Monday 10 June 2013

ASL Marine

OCBC on 7 June 2013

Among the various offshore and marine stocks, ASL Marine (ASL) is one of the counters with a more diversified business model. Its shipbuilding operations accounted for 46% of gross profit in 9MFY13, ship-repair and conversion accounted for 22%, while ship-chartering contributed 32%. The group expects the outlook of the offshore and marine industry for this year to be “good”, but margins may be impacted by stiffer competition from Chinese shipyards. The long-term future of ASL looks bright, but more time would likely be needed for significant earnings growth and a re-rating of the stock. In particular, the liquidity of the stock is relatively low, partly due to the free float of ~37.8%. We last rated ASL a Buy with a fair value estimate of S$0.86. Due to a re-allocation of internal resources, we are ceasing coverage on this counter.

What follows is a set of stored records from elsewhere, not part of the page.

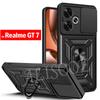 Чехол для Realme GT 7 7T Case Сдвижная крышка камеры Кольцо-подставка Ударопрочная крышка для телефона для Realme GT7 Capa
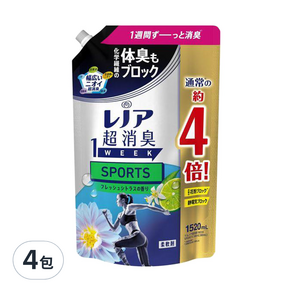 Lenor 蘭諾 1WEEK 超強除臭衣物柔軟精超特大補充包 運動服專用, 1520ml, 4包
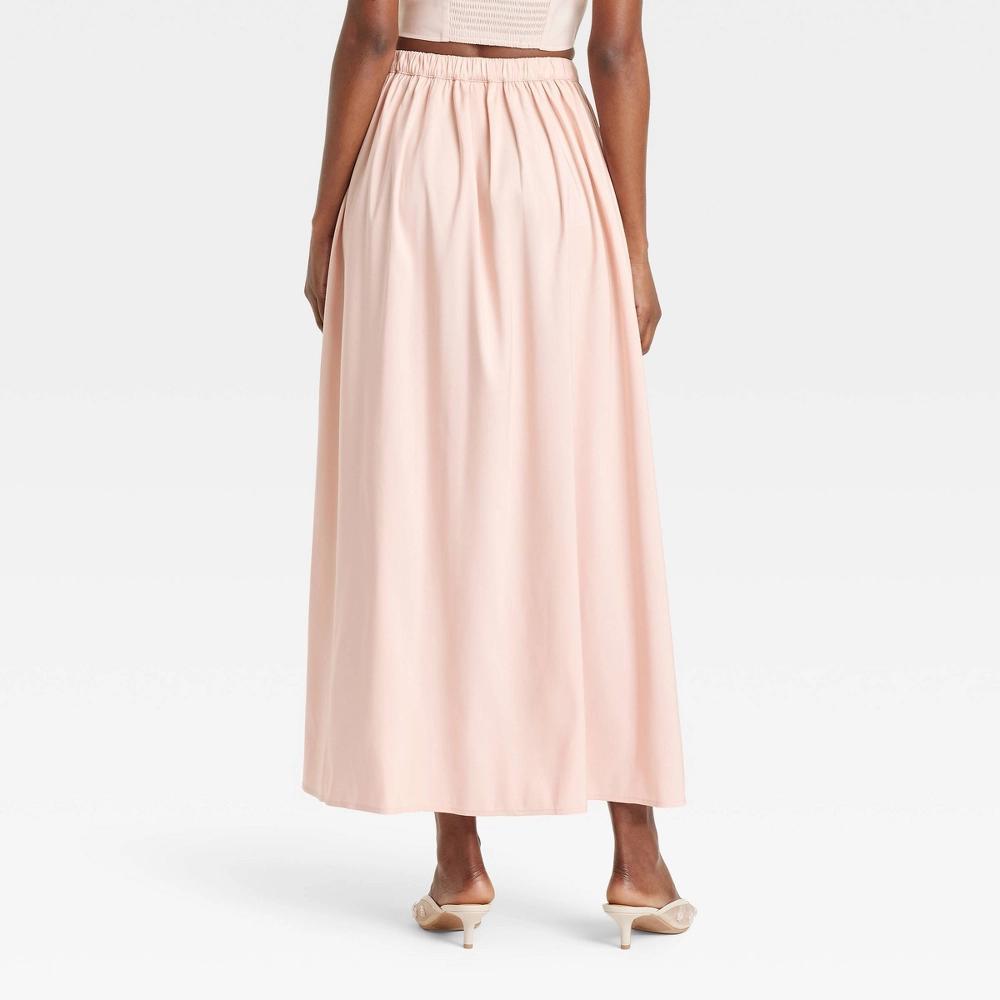 Women's Pleated A-Line Maxi Skirt - A New Day™ Peach XS Product Image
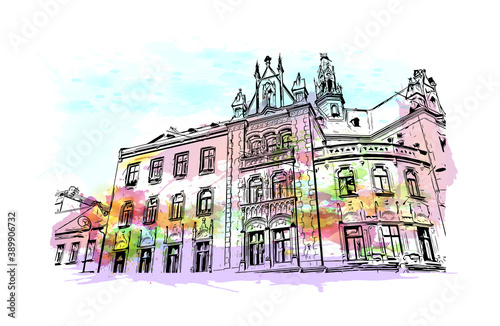 Building view with landmark of Brno is a city in the Czech Republic. Watercolor splash with hand drawn sketch illustration in vector.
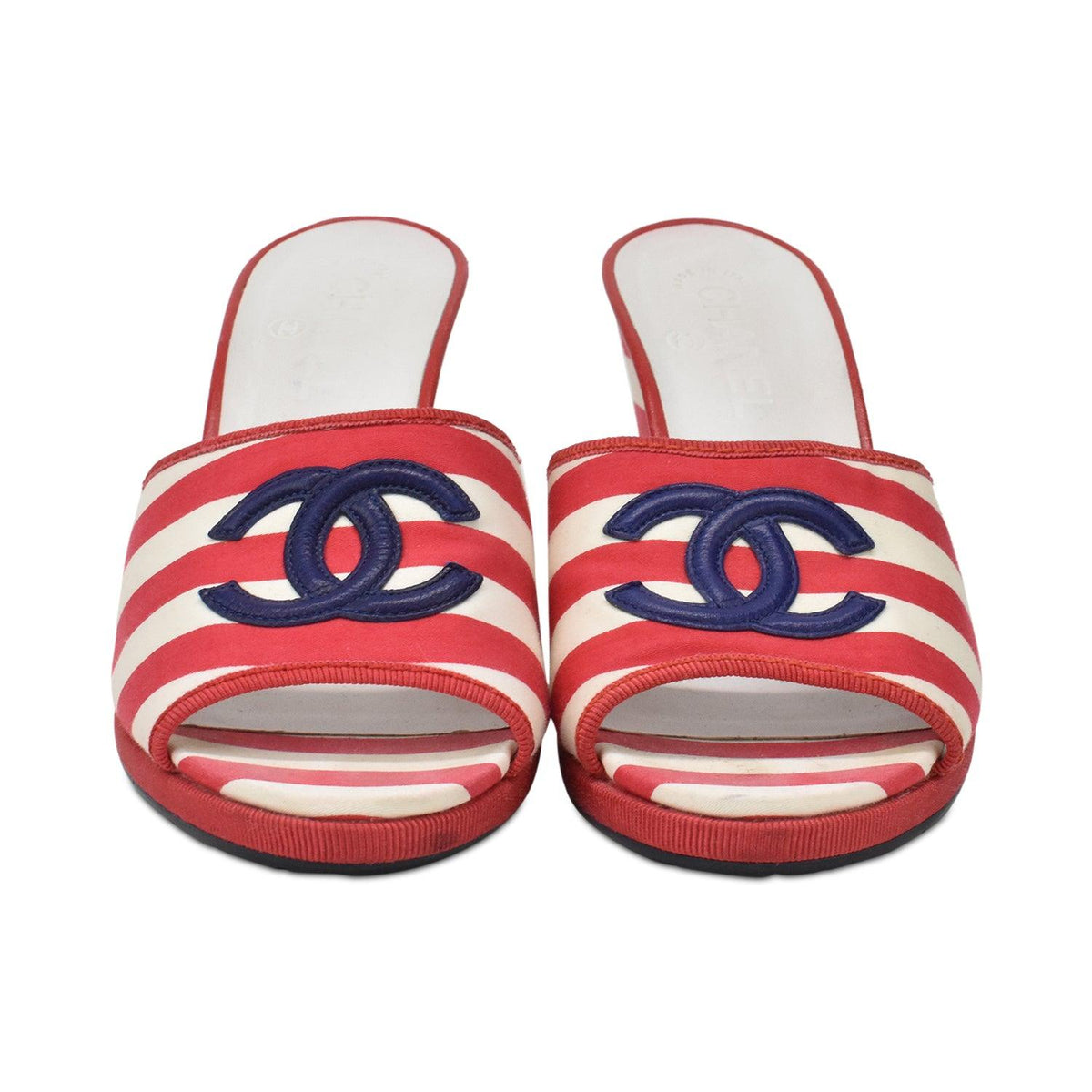 Chanel Striped Wedges - Women's 39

Diversified business with three core business pillars
Among the various offshore and marine stocks, ASL Marine (ASL) is one of the counters with a more diversified business model. Its shipbuilding operations accounted for 46% of gross profit in 9MFY13, ship-repair and conversion accounted for 22%, while ship-chartering contributed 32%. In Dec last year, it acquired VOSTA LMG for about 5m euros, and the group now has an “engineering” division, which brought in S$13.0m in revenue in 3QFY13. 

Positive outlook, but competition stiffer
ASL Marine expects the outlook of the offshore and marine industry for this year to be “good”; utilization and charter rates for AHTS and PSVs have improved and enquiry levels for offshore construction vessels and AHTS vessels remain healthy. However, margins may be impacted by stiffer competition from Chinese shipyards which have seen a plunge in new bulk carrier and containership orders. Meanwhile, although the shorter term outlook for dredging and land reclamation is mixed, the group expects more dredging companies to upgrade their equipment in the future, benefiting the newly acquired VOSTA LMG division. 

Healthy order books
The group’s shipbuilding net order book (comprising 32 vessels) stood at S$458m as at 31 Mar 2013 with progressive recognition up to 4QFY14, providing revenue visibility. ASL also has an outstanding order book of about S$78m with respect to long-term shipchartering contracts. 

Ceasing coverage
The long-term future of ASL looks bright, but more time would likely be needed for significant earnings growth and a re-rating of the stock. In particular, the liquidity of the stock is relatively low, partly due to the free float of ~37.8%. We last rated ASL a Buy with a fair value estimate of S$0.86. Due to a re-allocation of internal resources, we are ceasing coverage on this counter.